→ **Input data**
##############################

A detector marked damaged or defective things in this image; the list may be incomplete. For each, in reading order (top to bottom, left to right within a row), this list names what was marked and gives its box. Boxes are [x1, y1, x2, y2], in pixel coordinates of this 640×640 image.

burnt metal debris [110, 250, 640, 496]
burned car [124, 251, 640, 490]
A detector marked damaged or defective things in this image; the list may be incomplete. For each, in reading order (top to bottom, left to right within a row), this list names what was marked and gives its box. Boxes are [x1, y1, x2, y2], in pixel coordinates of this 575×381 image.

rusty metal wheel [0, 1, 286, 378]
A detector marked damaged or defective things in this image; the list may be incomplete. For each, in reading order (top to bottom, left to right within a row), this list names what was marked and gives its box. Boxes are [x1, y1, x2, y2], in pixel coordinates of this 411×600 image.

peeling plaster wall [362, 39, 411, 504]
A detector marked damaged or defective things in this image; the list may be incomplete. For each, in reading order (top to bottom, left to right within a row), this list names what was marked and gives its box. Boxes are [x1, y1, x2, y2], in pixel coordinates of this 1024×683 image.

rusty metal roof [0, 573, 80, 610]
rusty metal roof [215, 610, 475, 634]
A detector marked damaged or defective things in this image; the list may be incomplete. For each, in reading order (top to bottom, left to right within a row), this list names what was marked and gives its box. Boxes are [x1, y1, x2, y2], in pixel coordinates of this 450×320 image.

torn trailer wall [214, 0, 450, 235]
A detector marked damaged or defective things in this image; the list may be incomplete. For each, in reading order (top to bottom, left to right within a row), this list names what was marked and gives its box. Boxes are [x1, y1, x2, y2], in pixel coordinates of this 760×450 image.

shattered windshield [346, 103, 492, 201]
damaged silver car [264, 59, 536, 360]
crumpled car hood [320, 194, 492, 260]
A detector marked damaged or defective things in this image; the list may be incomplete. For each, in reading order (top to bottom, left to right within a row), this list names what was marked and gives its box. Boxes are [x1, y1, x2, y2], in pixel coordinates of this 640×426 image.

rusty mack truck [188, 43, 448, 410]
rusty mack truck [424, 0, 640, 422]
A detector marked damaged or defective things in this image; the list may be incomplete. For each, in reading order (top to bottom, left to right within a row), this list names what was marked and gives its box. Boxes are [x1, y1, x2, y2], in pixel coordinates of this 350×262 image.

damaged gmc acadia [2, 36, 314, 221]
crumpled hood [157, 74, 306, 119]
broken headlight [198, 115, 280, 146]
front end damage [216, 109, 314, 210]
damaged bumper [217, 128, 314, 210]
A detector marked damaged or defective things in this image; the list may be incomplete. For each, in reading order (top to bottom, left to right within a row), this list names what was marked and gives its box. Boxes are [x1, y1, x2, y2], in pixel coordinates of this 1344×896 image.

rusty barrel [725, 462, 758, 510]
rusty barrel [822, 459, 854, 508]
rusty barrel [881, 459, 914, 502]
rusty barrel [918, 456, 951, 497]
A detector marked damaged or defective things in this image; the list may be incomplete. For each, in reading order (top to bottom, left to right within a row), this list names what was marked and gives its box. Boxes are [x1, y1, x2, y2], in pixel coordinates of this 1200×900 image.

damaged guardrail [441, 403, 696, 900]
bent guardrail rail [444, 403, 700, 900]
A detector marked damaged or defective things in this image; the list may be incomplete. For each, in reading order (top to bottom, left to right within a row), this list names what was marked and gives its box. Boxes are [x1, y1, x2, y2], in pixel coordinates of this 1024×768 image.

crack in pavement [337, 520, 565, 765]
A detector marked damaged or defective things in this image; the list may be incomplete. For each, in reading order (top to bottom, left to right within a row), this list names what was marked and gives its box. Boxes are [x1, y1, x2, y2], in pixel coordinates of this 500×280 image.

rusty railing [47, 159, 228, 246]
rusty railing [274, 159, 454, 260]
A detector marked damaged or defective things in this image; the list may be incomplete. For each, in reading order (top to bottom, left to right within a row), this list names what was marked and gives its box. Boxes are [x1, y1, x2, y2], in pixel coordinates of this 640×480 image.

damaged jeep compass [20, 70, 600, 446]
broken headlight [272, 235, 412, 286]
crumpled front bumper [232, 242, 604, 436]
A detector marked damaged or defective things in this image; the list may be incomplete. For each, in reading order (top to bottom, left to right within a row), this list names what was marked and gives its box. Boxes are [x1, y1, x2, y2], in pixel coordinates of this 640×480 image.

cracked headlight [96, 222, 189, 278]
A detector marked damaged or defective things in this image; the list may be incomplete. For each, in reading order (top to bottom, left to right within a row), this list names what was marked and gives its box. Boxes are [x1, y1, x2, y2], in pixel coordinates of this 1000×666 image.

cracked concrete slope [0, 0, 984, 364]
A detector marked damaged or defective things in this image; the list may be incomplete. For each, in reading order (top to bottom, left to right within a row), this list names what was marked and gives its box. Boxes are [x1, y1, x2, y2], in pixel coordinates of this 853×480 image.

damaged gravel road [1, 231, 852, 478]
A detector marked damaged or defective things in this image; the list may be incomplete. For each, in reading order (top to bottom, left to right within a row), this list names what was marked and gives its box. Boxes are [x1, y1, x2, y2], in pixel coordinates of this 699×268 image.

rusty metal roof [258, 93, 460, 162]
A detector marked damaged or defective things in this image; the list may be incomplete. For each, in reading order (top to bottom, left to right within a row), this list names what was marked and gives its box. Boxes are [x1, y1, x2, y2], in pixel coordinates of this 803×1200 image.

##############################

→ **Task to carry out**
Copy every record exactly.

→ **Exercise result**
A detector marked damaged or defective things in this image; the list may be incomplete. For each, in reading order (top to bottom, left to right within a row), this list names what was marked and gives its box. Boxes are [x1, y1, x2, y2], in pixel coordinates of this 640×640 image.

burnt metal debris [110, 250, 640, 496]
burned car [124, 251, 640, 490]
A detector marked damaged or defective things in this image; the list may be incomplete. For each, in reading order (top to bottom, left to right within a row), this list names what was marked and gives its box. Boxes are [x1, y1, x2, y2], in pixel coordinates of this 575×381 image.

rusty metal wheel [0, 1, 286, 378]
A detector marked damaged or defective things in this image; the list may be incomplete. For each, in reading order (top to bottom, left to right within a row), this list names what was marked and gives its box. Boxes are [x1, y1, x2, y2], in pixel coordinates of this 411×600 image.

peeling plaster wall [362, 39, 411, 504]
A detector marked damaged or defective things in this image; the list may be incomplete. For each, in reading order (top to bottom, left to right within a row), this list names what was marked and gives its box. Boxes are [x1, y1, x2, y2], in pixel coordinates of this 1024×683 image.

rusty metal roof [0, 573, 80, 610]
rusty metal roof [215, 610, 475, 634]
A detector marked damaged or defective things in this image; the list may be incomplete. For each, in reading order (top to bottom, left to right within a row), this list names what was marked and gives its box. Boxes are [x1, y1, x2, y2], in pixel coordinates of this 450×320 image.

torn trailer wall [214, 0, 450, 235]
A detector marked damaged or defective things in this image; the list may be incomplete. For each, in reading order (top to bottom, left to right within a row), this list names what was marked and gives its box. Boxes are [x1, y1, x2, y2], in pixel coordinates of this 760×450 image.

shattered windshield [346, 103, 492, 201]
damaged silver car [264, 59, 536, 360]
crumpled car hood [320, 194, 492, 260]
A detector marked damaged or defective things in this image; the list may be incomplete. For each, in reading order (top to bottom, left to right within a row), this list names what was marked and gives its box. Boxes are [x1, y1, x2, y2], in pixel coordinates of this 640×426 image.

rusty mack truck [188, 43, 448, 410]
rusty mack truck [424, 0, 640, 422]
A detector marked damaged or defective things in this image; the list may be incomplete. For each, in reading order (top to bottom, left to right within a row), this list names what was marked and gives its box. Boxes are [x1, y1, x2, y2], in pixel coordinates of this 350×262 image.

damaged gmc acadia [2, 36, 314, 221]
crumpled hood [157, 74, 306, 119]
broken headlight [198, 115, 280, 146]
front end damage [216, 109, 314, 210]
damaged bumper [217, 128, 314, 210]
A detector marked damaged or defective things in this image; the list may be incomplete. For each, in reading order (top to bottom, left to right within a row), this list names what was marked and gives its box. Boxes are [x1, y1, x2, y2], in pixel coordinates of this 1344×896 image.

rusty barrel [725, 462, 758, 510]
rusty barrel [822, 459, 854, 508]
rusty barrel [881, 459, 914, 502]
rusty barrel [918, 456, 951, 497]
A detector marked damaged or defective things in this image; the list may be incomplete. For each, in reading order (top to bottom, left to right within a row), this list names what was marked and gives its box. Boxes are [x1, y1, x2, y2], in pixel coordinates of this 1200×900 image.

damaged guardrail [441, 403, 696, 900]
bent guardrail rail [444, 403, 700, 900]
A detector marked damaged or defective things in this image; the list may be incomplete. For each, in reading order (top to bottom, left to right within a row), this list names what was marked and gives its box. Boxes are [x1, y1, x2, y2], in pixel coordinates of this 1024×768 image.

crack in pavement [337, 520, 565, 765]
A detector marked damaged or defective things in this image; the list may be incomplete. For each, in reading order (top to bottom, left to right within a row), this list names what was marked and gives its box. Boxes are [x1, y1, x2, y2], in pixel coordinates of this 500×280 image.

rusty railing [47, 159, 228, 246]
rusty railing [274, 159, 454, 260]
A detector marked damaged or defective things in this image; the list may be incomplete. For each, in reading order (top to bottom, left to right within a row), this list names what was marked and gives its box. Boxes are [x1, y1, x2, y2], in pixel coordinates of this 640×480 image.

damaged jeep compass [20, 70, 600, 446]
broken headlight [272, 235, 412, 286]
crumpled front bumper [232, 242, 604, 436]
A detector marked damaged or defective things in this image; the list may be incomplete. For each, in reading order (top to bottom, left to right within a row), this list names what was marked and gives its box. Boxes are [x1, y1, x2, y2], in pixel coordinates of this 640×480 image.

cracked headlight [96, 222, 189, 278]
A detector marked damaged or defective things in this image; the list may be incomplete. For each, in reading order (top to bottom, left to right within a row), this list names what was marked and gives its box. Boxes are [x1, y1, x2, y2], in pixel coordinates of this 1000×666 image.

cracked concrete slope [0, 0, 984, 364]
A detector marked damaged or defective things in this image; the list may be incomplete. For each, in reading order (top to bottom, left to right within a row), this list names what was marked and gives its box. Boxes are [x1, y1, x2, y2], in pixel coordinates of this 853×480 image.

damaged gravel road [1, 231, 852, 478]
A detector marked damaged or defective things in this image; the list may be incomplete. For each, in reading order (top to bottom, left to right within a row), this list names what was marked and gives its box. Boxes are [x1, y1, x2, y2], in pixel coordinates of this 699×268 image.

rusty metal roof [258, 93, 460, 162]
A detector marked damaged or defective things in this image; the list may be incomplete. For each, in reading order (top to bottom, left to right within a row), this list names what was marked and gives its box. Boxes are [x1, y1, x2, y2], in pixel coordinates of this 803×1200 image.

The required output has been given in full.